Rulon picked up Patrick . . . and Patrick’s head lolled back like a broken doll’s.
Vomit threatened Michael’s throat, sudden and violent.
“‘Michael,’” murmured Rulon softly to him in the still, dead First Bank of Charleston.
“‘God’s warrior.’”
The priest shook his head: a nearly wistful gesture. His forehead was kneaded as if
he might weep. And yet, as he looked at Michael’s little brother, he smiled, too.
He looked like . . . hope.
“Michael Faris,” Rulon said, “you are no one’s warrior.”
And that was the end.
The Rapture retreated through the tunnel and, after a second, Michael ignored Holly’s
screams and crawled into the shaft, heedless of his wounded hand’s anguish, out to
the outer lobby, where he saw the Rapture vanishing into the cockpit of the jet. Rulon
fired; Michael was forced to scrabble back, like a frightened dog. But in the last
moment before he retreated, the only thing he saw, really saw, was Patrick: slumped
over Rulon’s shoulder, his eyes glassed, his mouth slack and speechless. He was not
screaming. He was not crying. He’d been dragged over the final ledge inside himself.
He was gone, with nothing and no one to pull him back out this time. He’d Freaked.
Welcome to the endtimes, Michael. Welcome to The End.
No. No. Please please please, no.
Michael rushed from the tunnel, his hand a burning pulse, out across the never-ending
lobby and into the street, where he saw the Hummer. He had one shining moment, before
he spotted the deflated jack-o’-lantern balloon on its roof and realized that it was
Jopek’s Hummer, not Rulon’s.
Michael’d had to wait in the tunnel in the bank, to
cower
, making sure the Rapture’s silence wasn’t a trick. He’d dashed out the moment he
heard the motorcycles and Hummers revving.
But the Rapture—and Patrick—were gone.
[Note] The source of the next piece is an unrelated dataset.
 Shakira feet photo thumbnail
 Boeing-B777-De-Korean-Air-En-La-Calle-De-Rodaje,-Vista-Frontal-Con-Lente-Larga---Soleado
The only moving thing out here in the street
was the snow falling from the black sky.
Run, run, as fast as you can,
a voice growled in his head.
You can’t catch him, he’s the God-fearin’ man
.
Michael dashed farther out in the street, straddling the yellow double line.
Skyscrapers choked out the rising moon, and snow muted the little remaining light.
The air carried the thin stink of motor exhaust.
He whirled, throwing his gaze to the west, past the colossal tail of the jetliner.
Patches of purple in the darkness: cars, lampposts, buildings. The world totally motionless
except for the storm, as if the world had transformed into some nightmarish snow-globe
in which Michael was suffocatingly sealed.
He screamed out, “Bub!”
No reply. And he did not see any taillights.
You can’t catch him, he’s the game-endin’ man!